*WORK REQUIRED:* Produce an exact transcription of the data, with the images left out.

*DATA:*
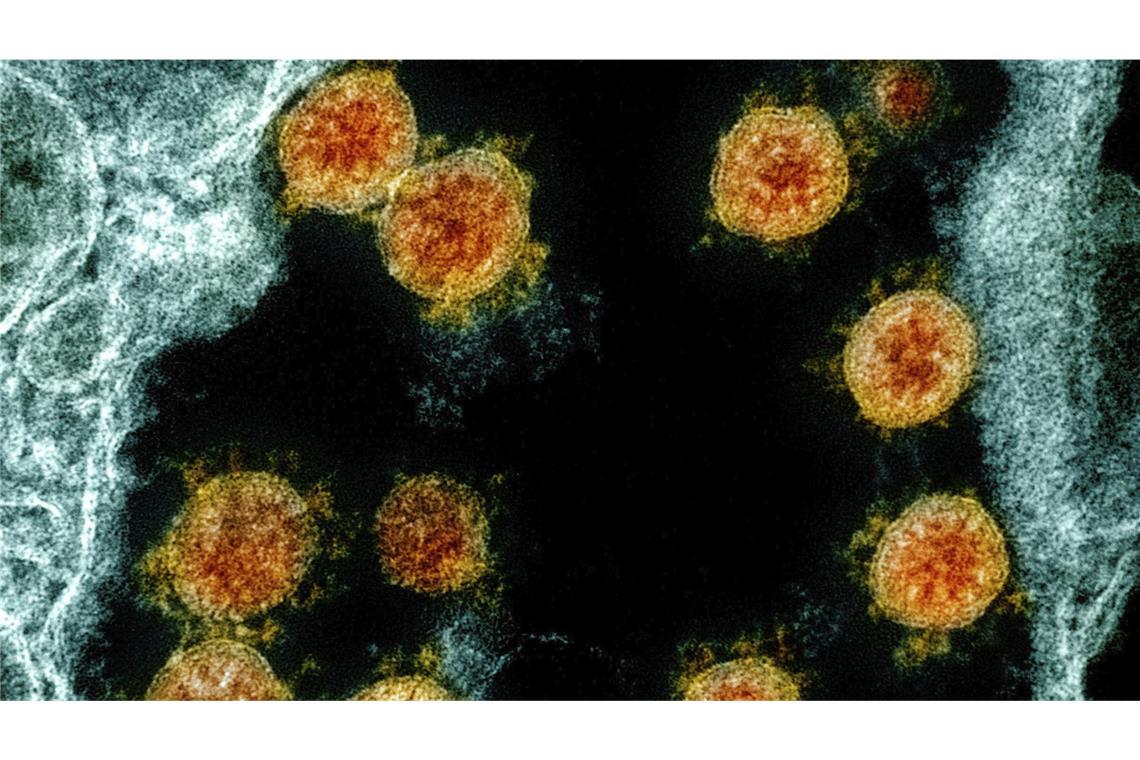 Neue Corona-Welle in asiatischen Ländern Partikel des Coronavirus SARS-CoV-2 unter einem Elektronenmikroskop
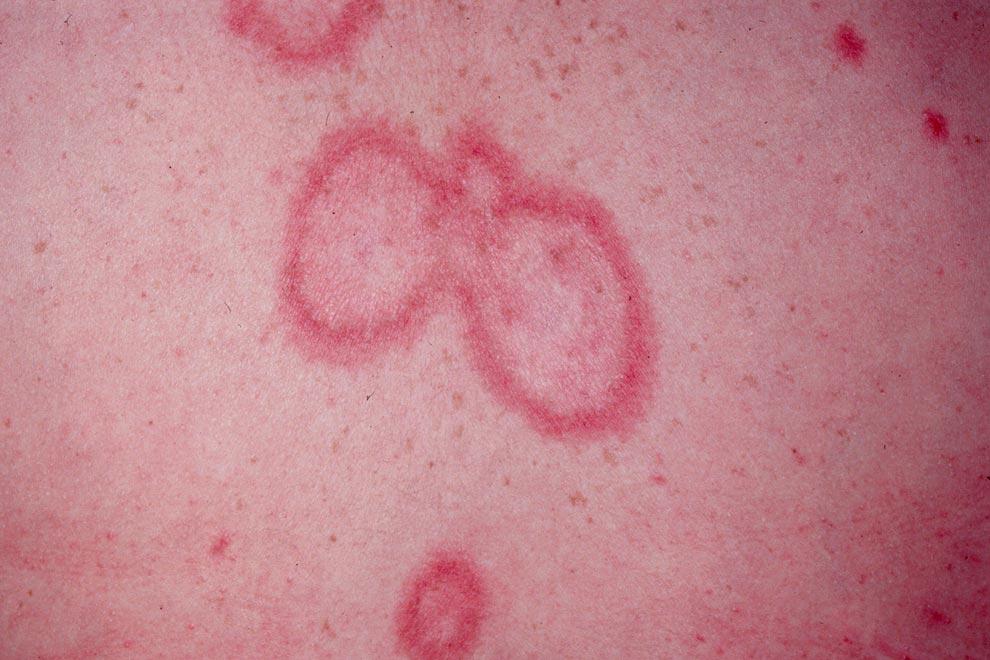 Lupus eritematoso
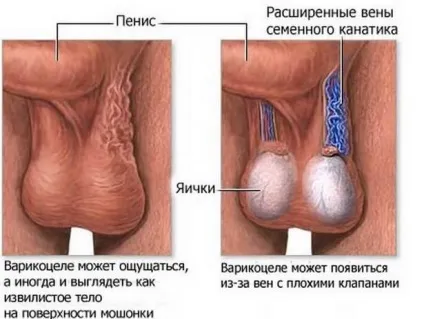Азооспермія (у спермі немає сперматозоїдів) що це, лікування (відгуки чоловіків), чи можна вилікуватися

*TASK RESULT:*
 Neue Corona-Welle in asiatischen Ländern Partikel des Coronavirus SARS-CoV-2 unter einem Elektronenmikroskop
 Lupus eritematoso
Азооспермія (у спермі немає сперматозоїдів) що це, лікування (відгуки чоловіків), чи можна вилікуватися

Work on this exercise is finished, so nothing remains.